# Stored data
-- -- --

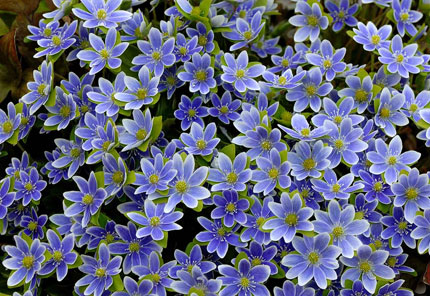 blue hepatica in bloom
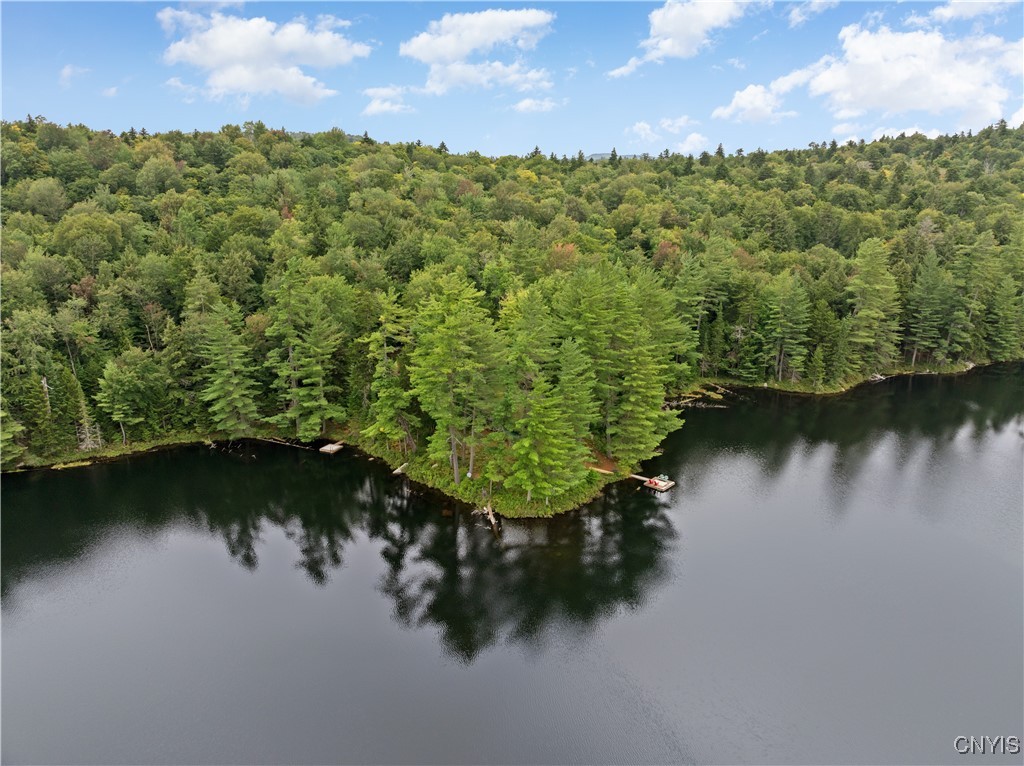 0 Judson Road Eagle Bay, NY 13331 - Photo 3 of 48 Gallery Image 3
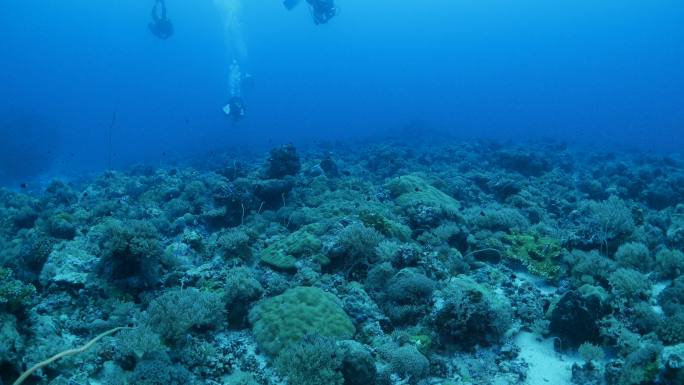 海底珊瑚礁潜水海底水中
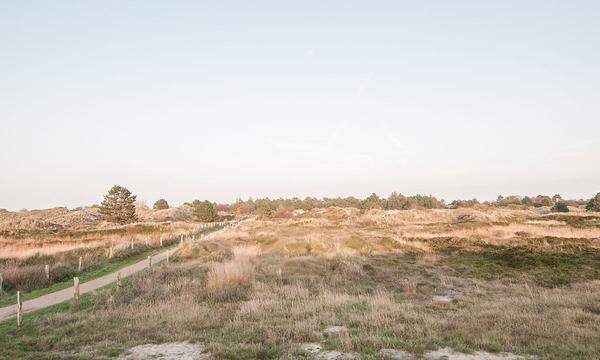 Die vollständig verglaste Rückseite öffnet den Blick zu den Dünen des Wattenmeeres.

-- -- --

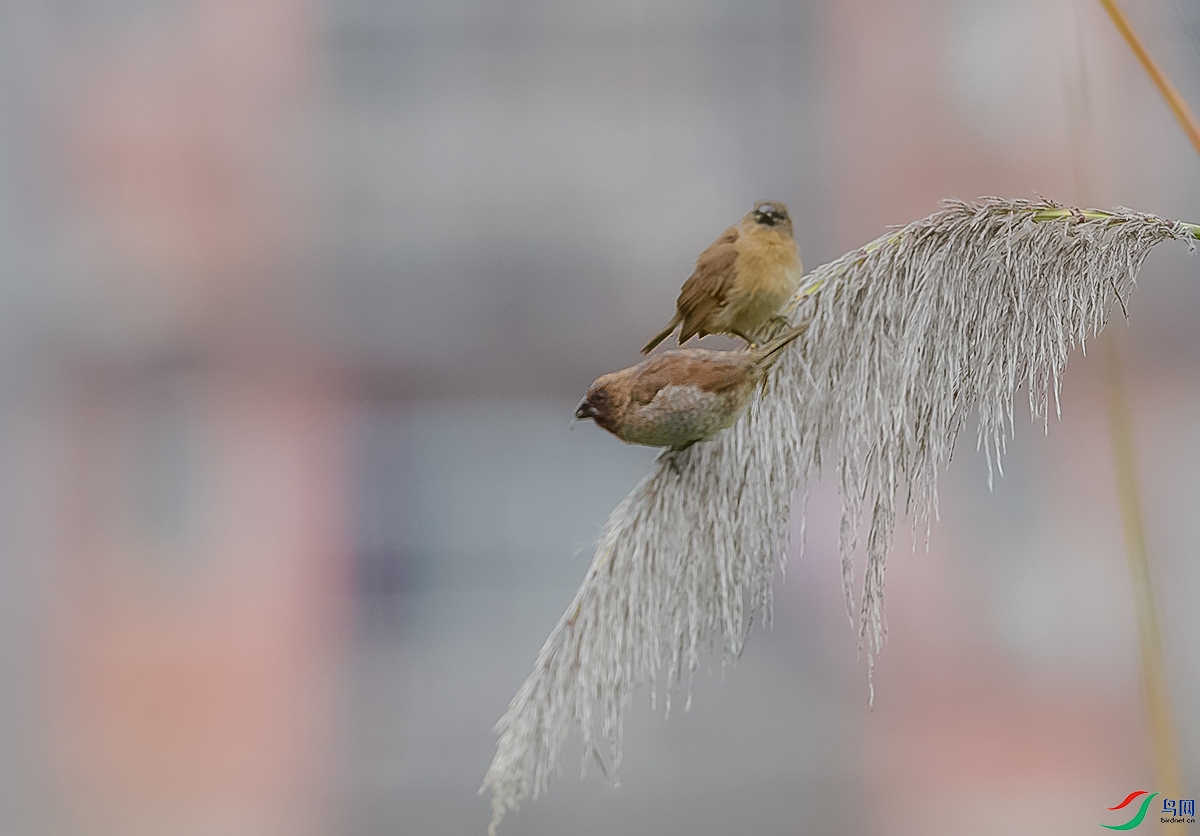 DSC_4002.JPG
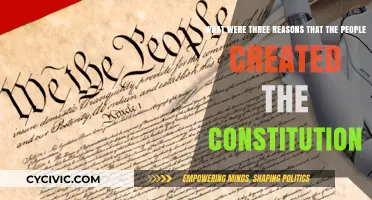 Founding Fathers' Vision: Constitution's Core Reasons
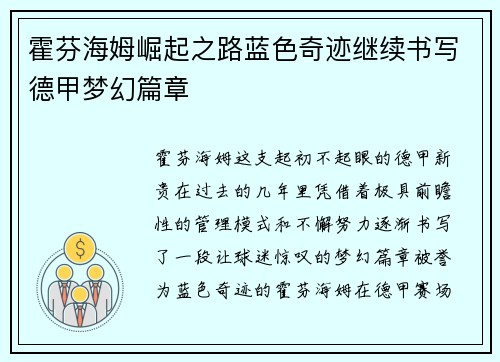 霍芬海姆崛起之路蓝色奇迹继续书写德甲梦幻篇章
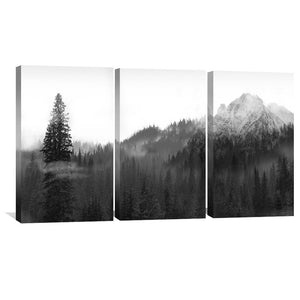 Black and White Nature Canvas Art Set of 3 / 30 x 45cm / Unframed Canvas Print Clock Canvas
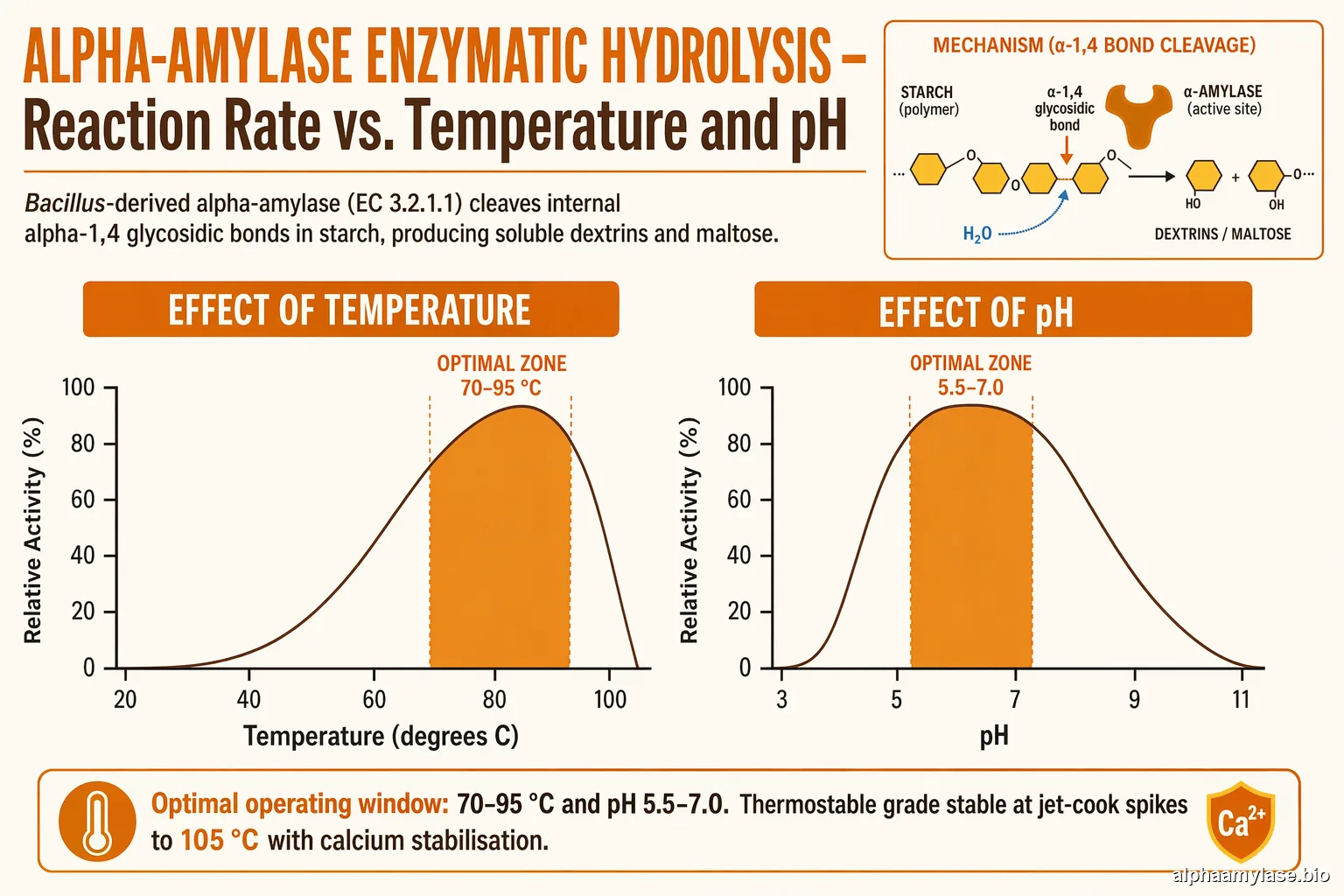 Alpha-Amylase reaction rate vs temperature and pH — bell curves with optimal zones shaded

-- -- --

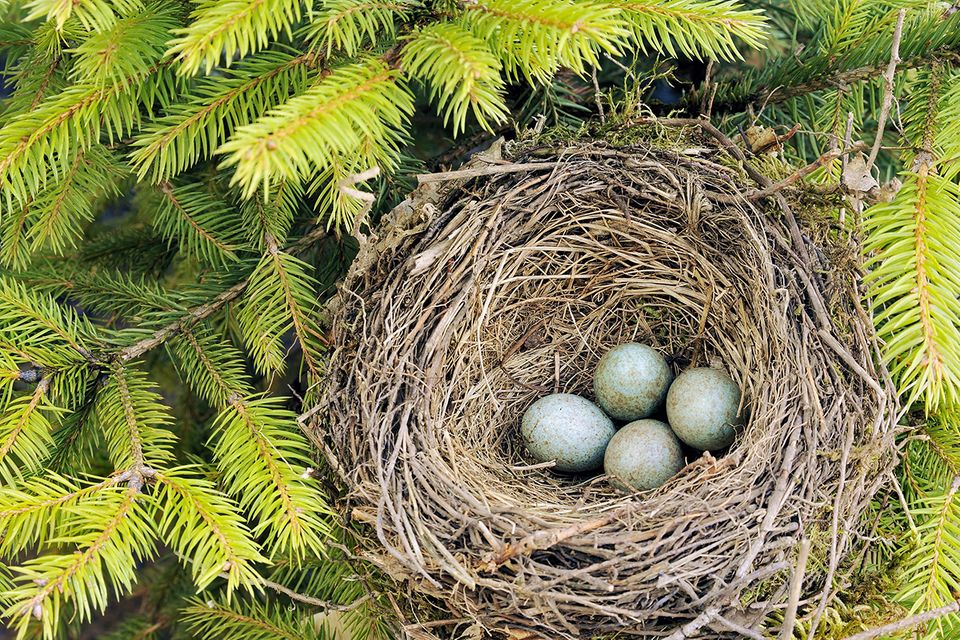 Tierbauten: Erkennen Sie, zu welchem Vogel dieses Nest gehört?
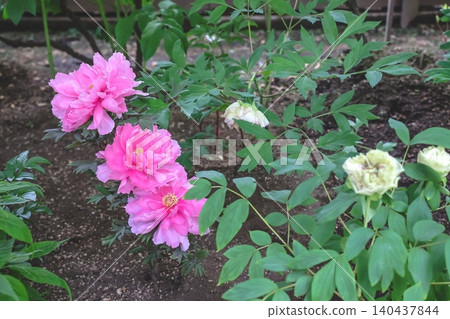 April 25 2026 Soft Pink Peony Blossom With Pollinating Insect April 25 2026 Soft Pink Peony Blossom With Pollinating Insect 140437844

-- -- --

In the listing above, find the line with "Tierbauten: Erkennen Sie, zu" and the line with "Pollinating Insect 140437844". Copy exactly those lines and all between them, minus the images.

 Tierbauten: Erkennen Sie, zu welchem Vogel dieses Nest gehört?
 April 25 2026 Soft Pink Peony Blossom With Pollinating Insect April 25 2026 Soft Pink Peony Blossom With Pollinating Insect 140437844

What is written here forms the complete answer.